# Clueless on turbo's



## sajayra (Apr 15, 2012)

How long will the turbo's in the cruze's last?
Will the car still run if the turbo goes?
How much would a turbo coast to replace?
Is there any maintenance to do for the turbo? Oil,grease etc...


----------



## Higgs Boson (Mar 7, 2012)

sajayra said:


> How long will the turbo's in the cruze's last?
> Will the car still run if the turbo goes?
> How much would a turbo coast to replace?
> Is there any maintenance to do for the turbo? Oil,grease etc...



Who knows? The car is new. As long as you change the oil it will last as long as it does.
Not really.
1/2 mile.
No.


----------



## boats4life (May 28, 2011)

Higgs Boson said:


> 1/2 mile.


I C what U did Thar


----------



## sciphi (Aug 26, 2011)

sajayra said:


> How long will the turbo's in the cruze's last? Depends on what oil you use, and how often it's changed. I recommend a full synthetic oil, and following the oil life monitor. They should last up past 200,000 miles when well-maintained.
> Will the car still run if the turbo goes? Yes, like the 80 hp engine it is without the turbo.
> How much would a turbo coast to replace? It'll _coast_ pretty decently. It'll _cost_ about $1000 to do it yourself, based on current prices of parts.
> Is there any maintenance to do for the turbo? Oil,grease etc... Change the oil with a full synthetic, since the engine oil lubricates the turbocharger.

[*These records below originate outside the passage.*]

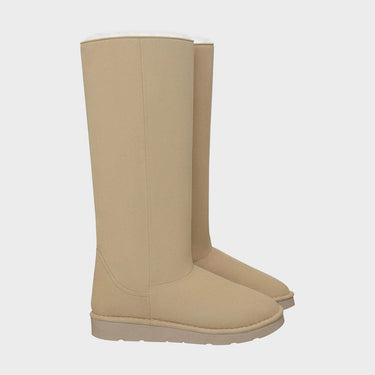 Vegan beige long fashion boots with Faux Furs – winter trend
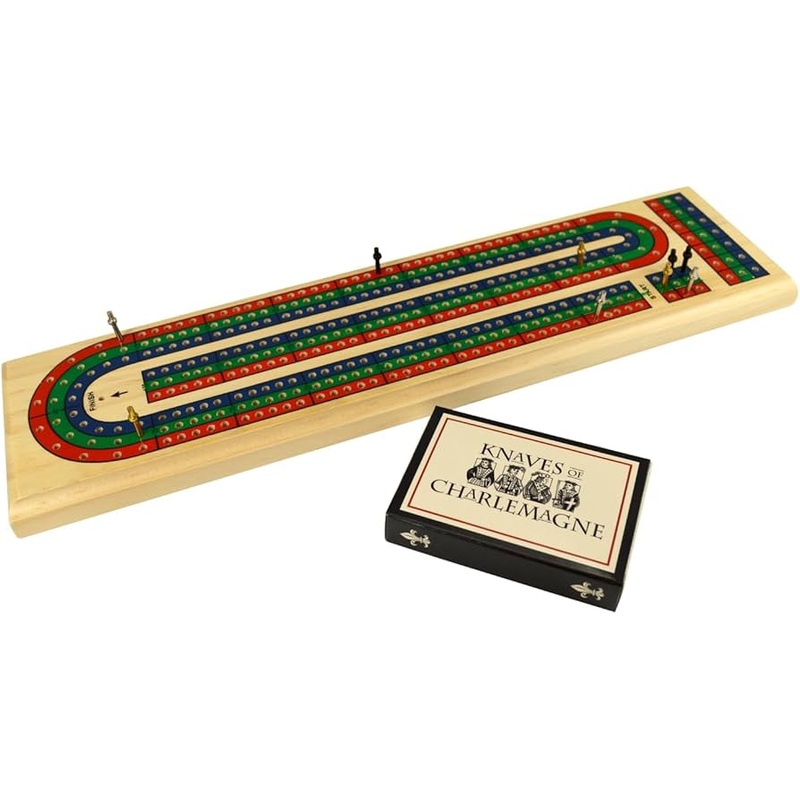 Solid Wood Cribbage with Cards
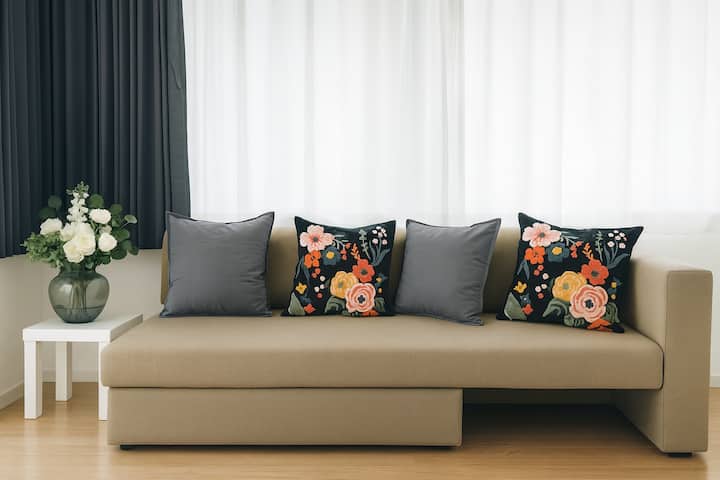 Room 302, 3rd floor, elevator available, 1 stop by train, direct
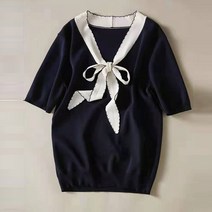 리틀깽스 다이뻐 출근룩 오피스룩 심플 프렌치스타일 블랙 화이트 배색 리본 여름 시원한 쿨 반팔 니트 반팔티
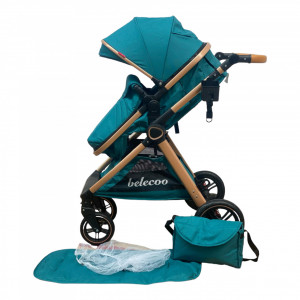 Carucior Copii 2 In 1 Belecoo CLASS Turcoaz Roti Cauciuc, Landou Reversibil - Img 6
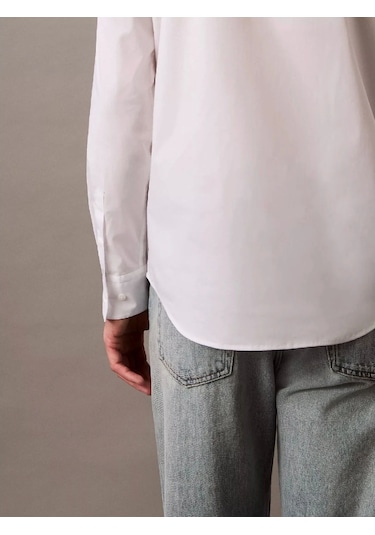 Calvin Klein Ls Solıd Stretch Slım Shırt Erkek Gömlek Lv04lb145g-yaa Beyaz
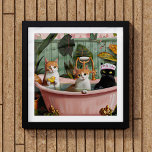 Poster Purrs and Bubbles: Uma Cena de Banho Gato-Tática<br><div class="desc">Purrs and Bubbles Bath Scene Poster - Estique-se com esta design de cozinha, poster maximalista. Queimada com cores vibrantes e detalhes lúdicos, esta ilustração de três gatos brancos em um charmoso banho de núcleo de chácaras adiciona um toque único e delicioso a qualquer espaço. "Purrr-fect" por criar uma atmosfera alegre...</div>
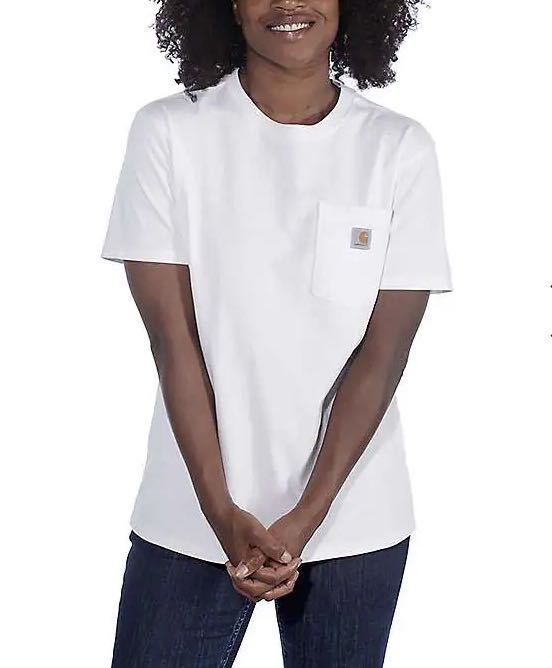 carhartt women's pocket Tee WHITE カーハート ポケット Tシャツ レディース Lサイズ_画像2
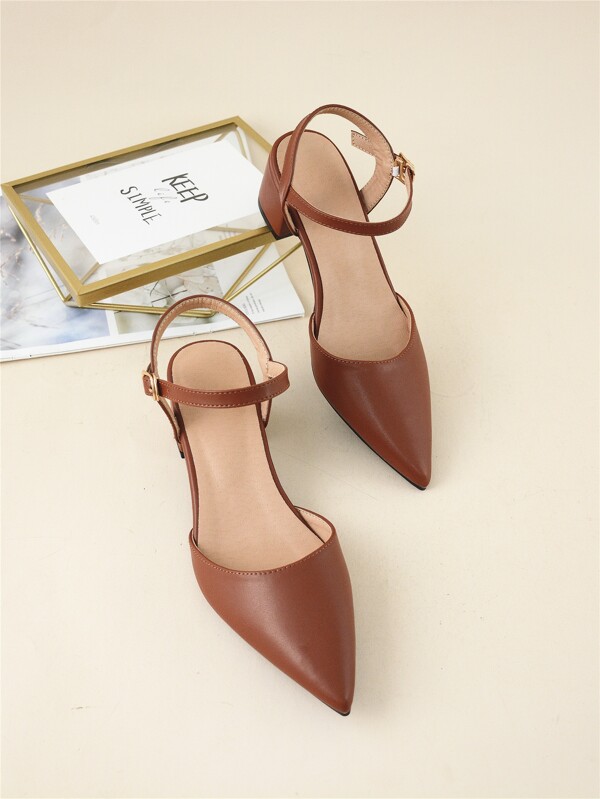 Point Toe Chunky Heeled Ankle Strap Pumps, Rust Brown Elegant Ankle Strap Solid Color Women's High Heels With Buckle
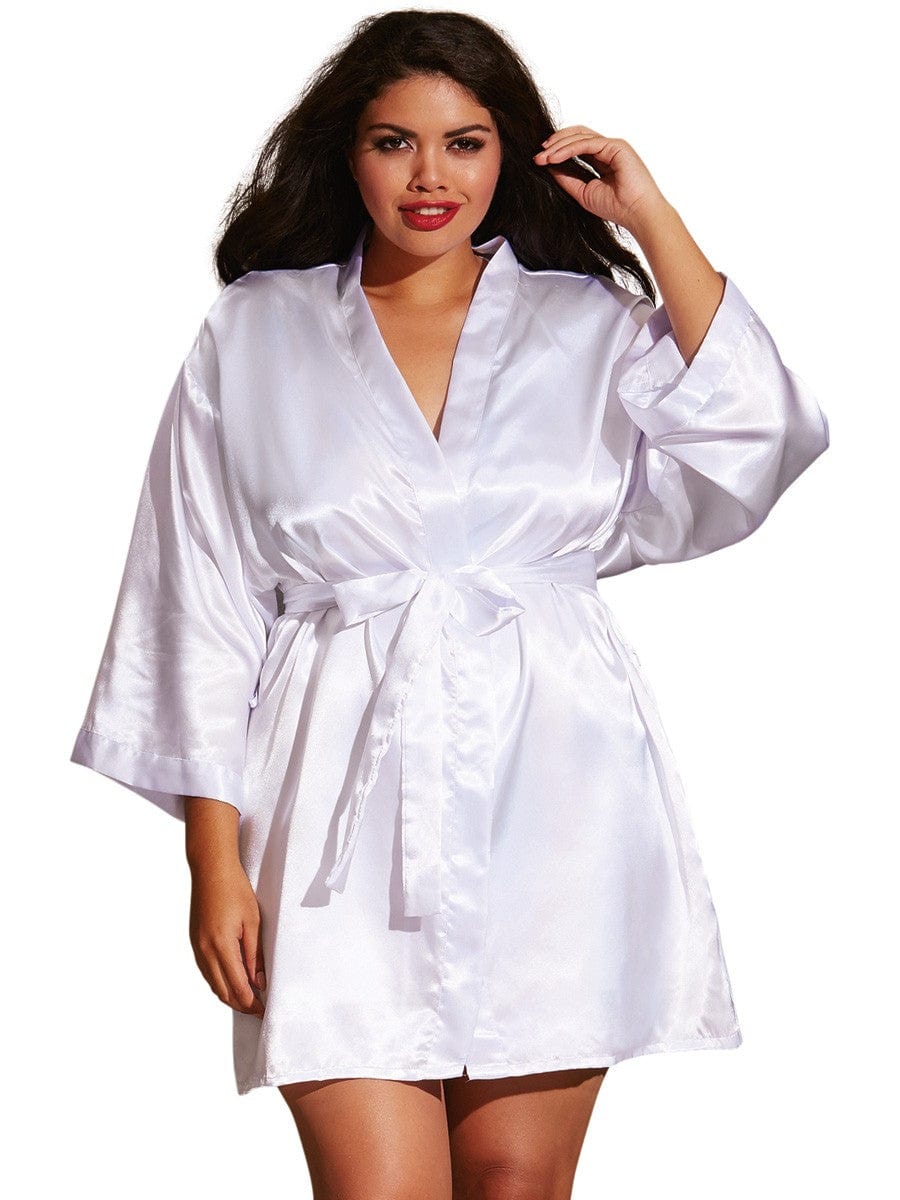 Kimono satin, ceinture attachée, nuisette et cintre assorti - DG3717XWHT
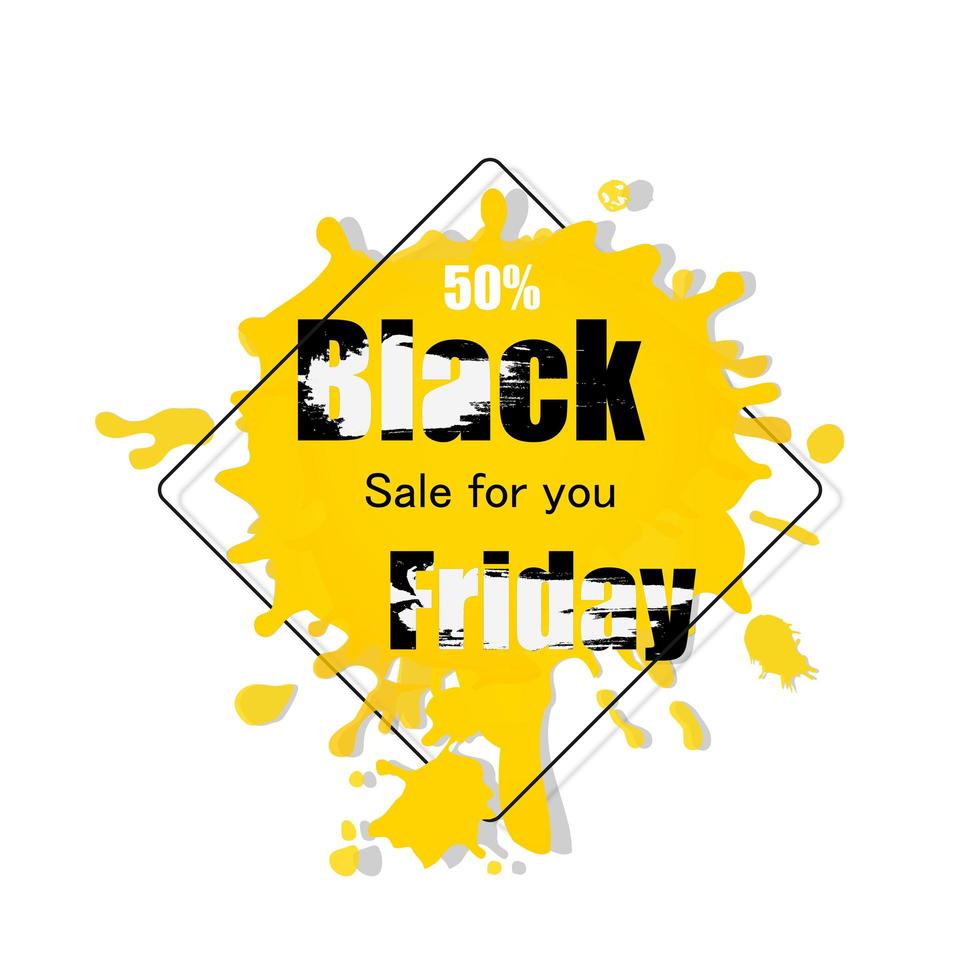 bannière de vendredi noir jaune et noir vecteur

I'd also recommend changing the coolant every 5 years or 100,000 miles, whichever comes first. The turbos on these cars are cooled by the engine coolant and lubricated by the engine oil. Change those two fluids regularly, and the turbo should last a couple hundred thousand miles. 

In a sentence, maintain the car well, and don't worry too much about the turbo. I'd worry about the automatic transmission failing before the turbo fails.


----------



## sajayra (Apr 15, 2012)

Thanxx for the info sciphi


----------



## jblackburn (Apr 14, 2012)

Turbos used to only be oil-cooled and wouldn't last much longer than 75-100K miles before they burned up. Now, they're water and oil cooled which helps keep down the heat generated by them, in turn extending their life.

Occasionally, seals and bearings do go bad, which means a rebuild for the turbo.

That said, I've got 220K on the original Mitsubishi turbo in my Volvo. Never been rebuilt. The low-pressure models are worked much harder than those ones, and they seem to last about 150K or so before the seals need to be replaced.


----------